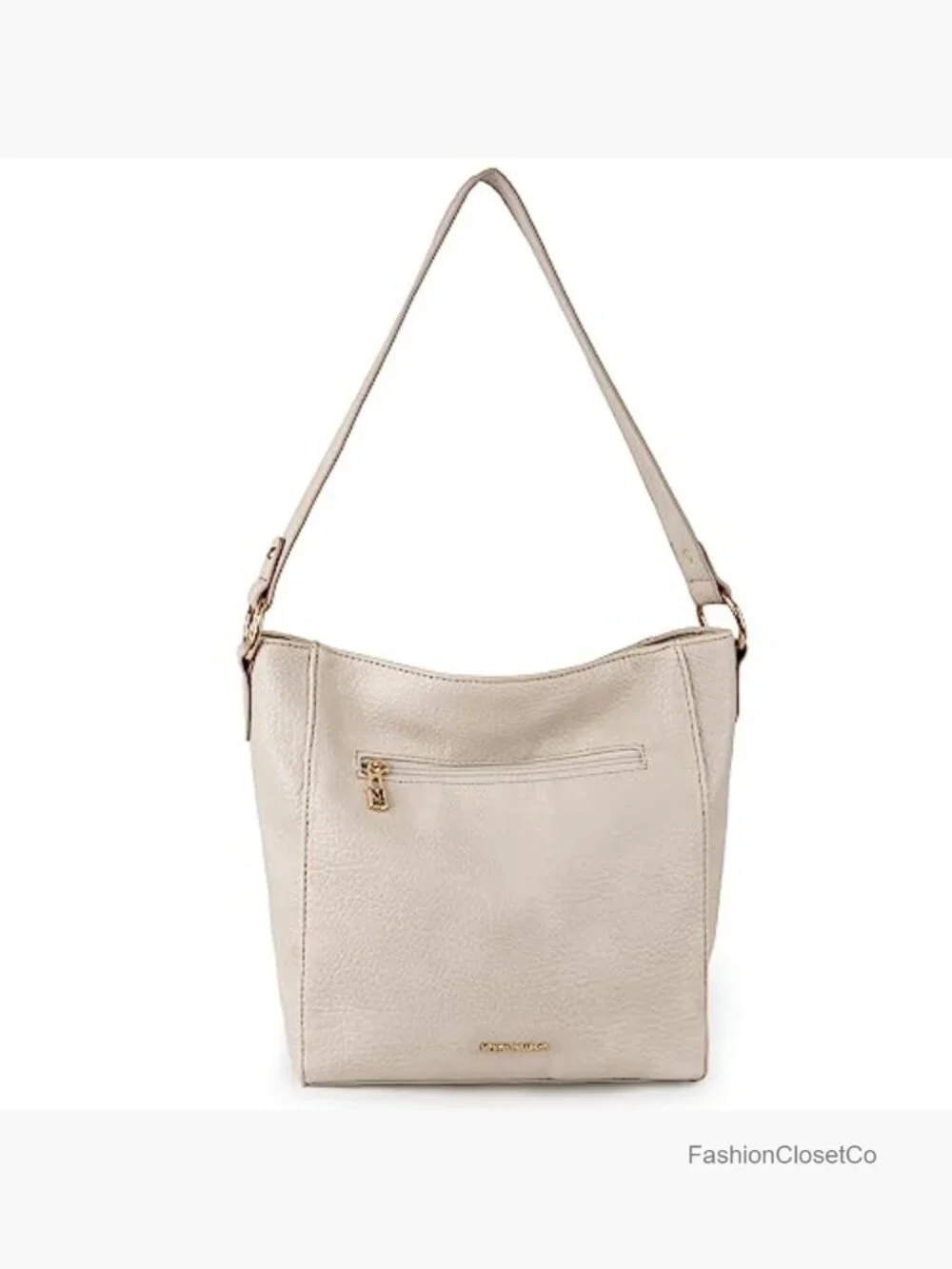 Faux Leather Hobo Bag with Zipper Closure and Shoulder Strap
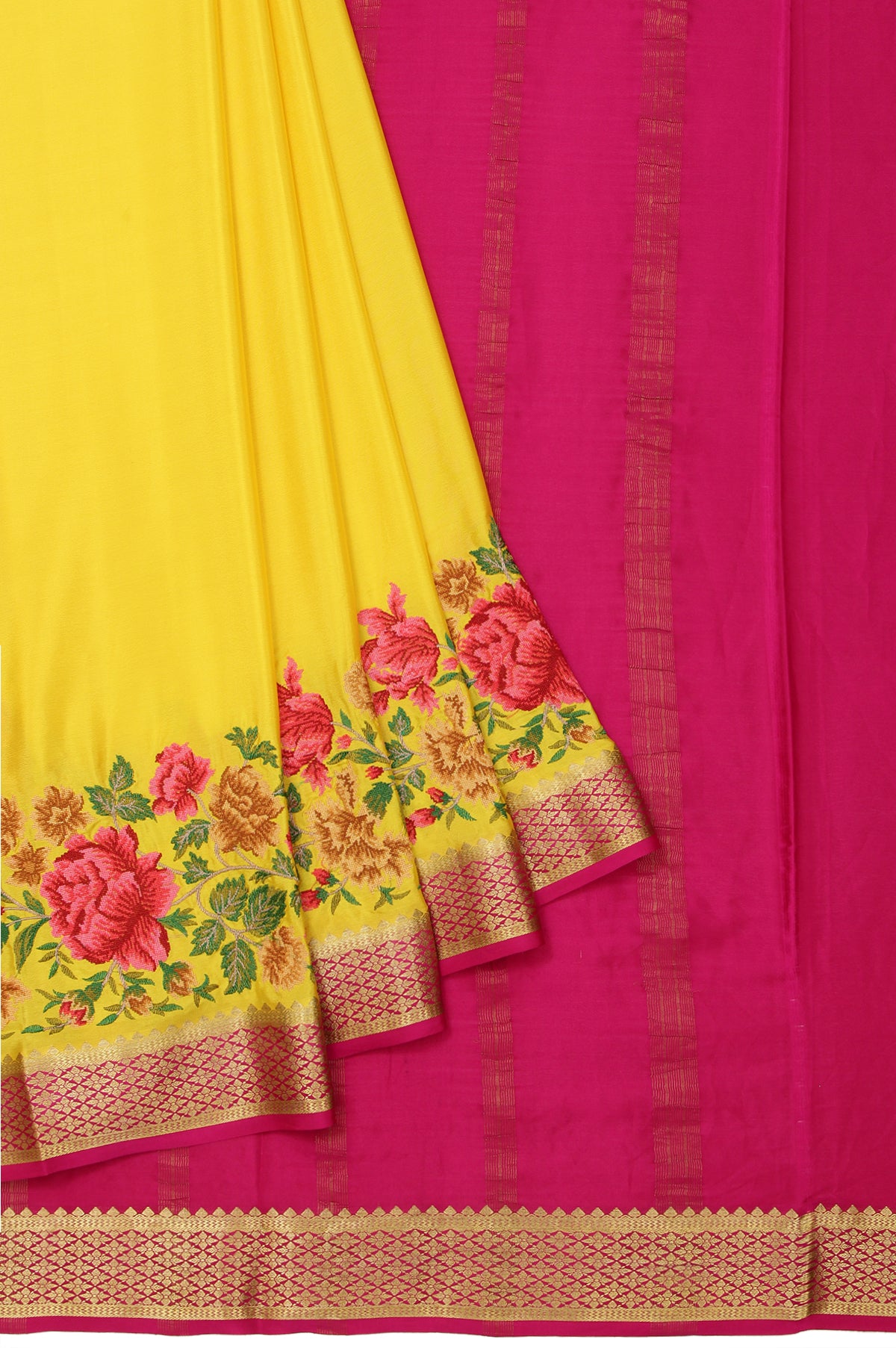 Yellow Mysore Silk Saree with Pink Gold Floral Jaal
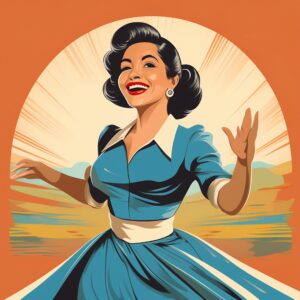 a-1950s-style-action-illustration-of-a-young-woman-in-a-blue-dress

Work instructions - Begin with the line containing "Yellow Mysore Silk" and end with the last line of the material above; return exactly those lines, both ends included, and omit all pictures.

Solution to the problem -
 Yellow Mysore Silk Saree with Pink Gold Floral Jaal
 a-1950s-style-action-illustration-of-a-young-woman-in-a-blue-dress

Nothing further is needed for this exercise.